Democrats are hoping another factor that can help them outpace the dour national mood is a solid ground game. Sen. Gary Peters, chair of the Democratic Senatorial Campaign Committee, said that it has invested “significantly” in its get-out-the-vote operation.
“I believe that we have a far superior effort to what the Republicans have,” said Peters. “The Republicans are basically relying on billionaire donors to put up negative nasty false ads against people. And we’re going to employ people power across our battleground states and we’re going to win.”

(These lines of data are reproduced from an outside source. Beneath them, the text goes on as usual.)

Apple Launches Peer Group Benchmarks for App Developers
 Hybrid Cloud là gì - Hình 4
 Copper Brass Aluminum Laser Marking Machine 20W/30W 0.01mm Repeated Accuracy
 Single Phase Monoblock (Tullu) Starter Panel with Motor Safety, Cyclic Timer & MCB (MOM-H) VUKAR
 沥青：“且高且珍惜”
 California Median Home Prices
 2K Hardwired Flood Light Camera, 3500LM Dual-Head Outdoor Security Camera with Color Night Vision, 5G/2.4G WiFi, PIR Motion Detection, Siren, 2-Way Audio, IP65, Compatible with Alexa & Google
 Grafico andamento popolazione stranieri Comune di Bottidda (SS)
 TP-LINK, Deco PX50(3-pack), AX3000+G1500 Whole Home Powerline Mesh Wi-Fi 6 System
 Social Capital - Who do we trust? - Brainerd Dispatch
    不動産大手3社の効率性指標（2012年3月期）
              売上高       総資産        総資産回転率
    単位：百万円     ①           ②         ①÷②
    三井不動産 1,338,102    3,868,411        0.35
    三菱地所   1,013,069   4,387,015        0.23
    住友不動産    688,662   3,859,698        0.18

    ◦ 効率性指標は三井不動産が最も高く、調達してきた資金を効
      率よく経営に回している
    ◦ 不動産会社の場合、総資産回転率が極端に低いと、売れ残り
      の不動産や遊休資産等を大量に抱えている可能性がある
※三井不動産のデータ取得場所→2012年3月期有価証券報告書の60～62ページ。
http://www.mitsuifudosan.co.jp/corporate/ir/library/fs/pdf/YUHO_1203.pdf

Peters said that he “definitely” sees a path to Democrats winning a 52-seat majority: “I believe we’ll be able to pick up a seat or two.” Toomey, meanwhile, predicted “a small Republican majority — 51, 52, maybe 53 seats.”
Republicans expressed optimism that they have a top-notch ground game as well.
Another indicator that suggests a mixed environment in swing states is pre-election voting, with changes in laws and voting habits due to the Covid-19 pandemic only adding to the uncertainty.
Early and absentee votes have been near 2020 levels in Georgia, suggesting high turnout for a midterm year. Turnout among Black voters was highest on the first day in the state and has dropped slightly since, but is still ahead of where it was at this point two years ago. That’s a potentially positive sign for Democrats, although data on partisan advantage is murkier in a state where voters do not register with a party. Wisconsin similarly does not have party registration.
In Pennsylvania, where voters do register by party, Democrats have a more than 50-point advantage in mail voting so far, which is comparable to this time in 2020. Total mail ballots cast, however, are about 40 percent less compared to this time two years ago.
In Nevada, Democrats have built up a roughly 20,000-vote advantage in Clark County, the state’s most populous area, as of Sunday, although Republicans have put up relatively strong numbers in other parts of the state with fewer total votes.
Meanwhile, improvement for Republicans is apparent in Arizona and North Carolina, where the Democratic share of the early and absentee vote has ticked down slightly compared to 2020, while Republicans’ portion has increased.
Ally Mutnick contributed to this report.